Василек, слушая, шею от любопытства вывернул, пока на дедушку вверх смотрел.

— Стою на пороге, а дом — и не дом, четыре стены с дверями, старик лежит, волосы седые ветер шевелит, одежда истлевшая. Я испугался, а все равно не убегаю. В лицо ему заглянул — глаз уже нет, рот неподвижный открыт, и из этого застывшего рта голос исходит. Я присел рядом, слушаю. И чудно, мертвец шепчет о чем-то, шепчет, пока ветер направление не поменяет. Тогда прежняя речь обрывается, хоть и на полуслове, и мертвец другую историю рассказывать начинает.

— И все о рае?

— Да… — вздохнул. — Я тогда мал еще был, не все понял, да и забылось многое. Я когда во второй раз пришел, кто-то все двери в доме позакрывал, думаю, поп-бродяга. От говорящего старика один труп остался.

Васильку тоже взгрустнулось, вдруг вспомнил, что главного не услышал.

— Так что он тебе рассказывал?

— Рай — это зима, весна, лето и осень, — будто посветлел дедушка. — Каждое время года бесконечно, и живешь, в каком захочешь. Нравится тебе зима — кругом пушистый снег, лед на реке, и не будет у этой зимы границ и пределов. Надоели холода, сразу выйдешь на границу с весной. Будешь идти из весны в весну, из марта в май. А захочешь прохлады и грусти, выйдешь сразу в осень. А кому нравится, может жить в вечном лете.
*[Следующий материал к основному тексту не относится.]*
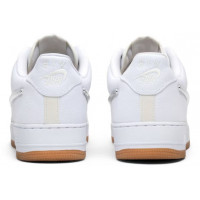 Travis Scott x Nike Air Force 1 Low Zipper White Gum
И вокруг леса, поля, и все без края!

Василек почувствовал на лице первые дождевые капли, большие, теплые. Вот уже и Свидловка показалась, дом виден дедушкин — успели, только чуть ливень головы намочил.

За три месяца в деревне отвыкает Василек от города. Настолько, что первую неделю трудно ему там жить. Думать иначе надо. И не сболтнуть бы лишнего — чего доброго взрослые на смех поднимут. Потом опять втягивается в городскую жизнь, а когда снова приезжает на каникулы, кругом сюрпризы да загадки.

Вот позапрошлым летом случай был, в соседнем дворе ребенок родился. Прошло несколько дней, и унесли люди его к реке. Василек за взрослыми увязался.

Шли с песнями. Весело было. Стали подле обрыва вокруг матери с младенцем хороводы водить. Потом расступились со словами: «Вода-водица, красная девица, течешь-омываешь зелены бережочки, желты песочки, пенья и коренья, белыя каменья…» А мать за ножку младенца раскрутила и в реку бросила.

Василек зажмурился. Только всплеск тихий услышал. А когда глаза раскрыл, никого над обрывом уже не было — все разошлись. Только он с дедом и остался.

Расплакался. Страшно — понятное дело.

Дедушка лукаво так взглянул, поленце какое-то подобрал и с обрыва подальше закинул. Спрашивает:

— Жалко тебе полено?

— Нет, — отвечал Василек, — чего его жалеть? Оно же не человек!

— Вот, — сказал дед, — правильно. И то не ребенок был. Не человек по природе своей, хоть и из бабьей утробы. Вылезть-то вылез, а не наш, чужой. Такие в народе рекой зовутся. Поэтому мы его реке и вернули!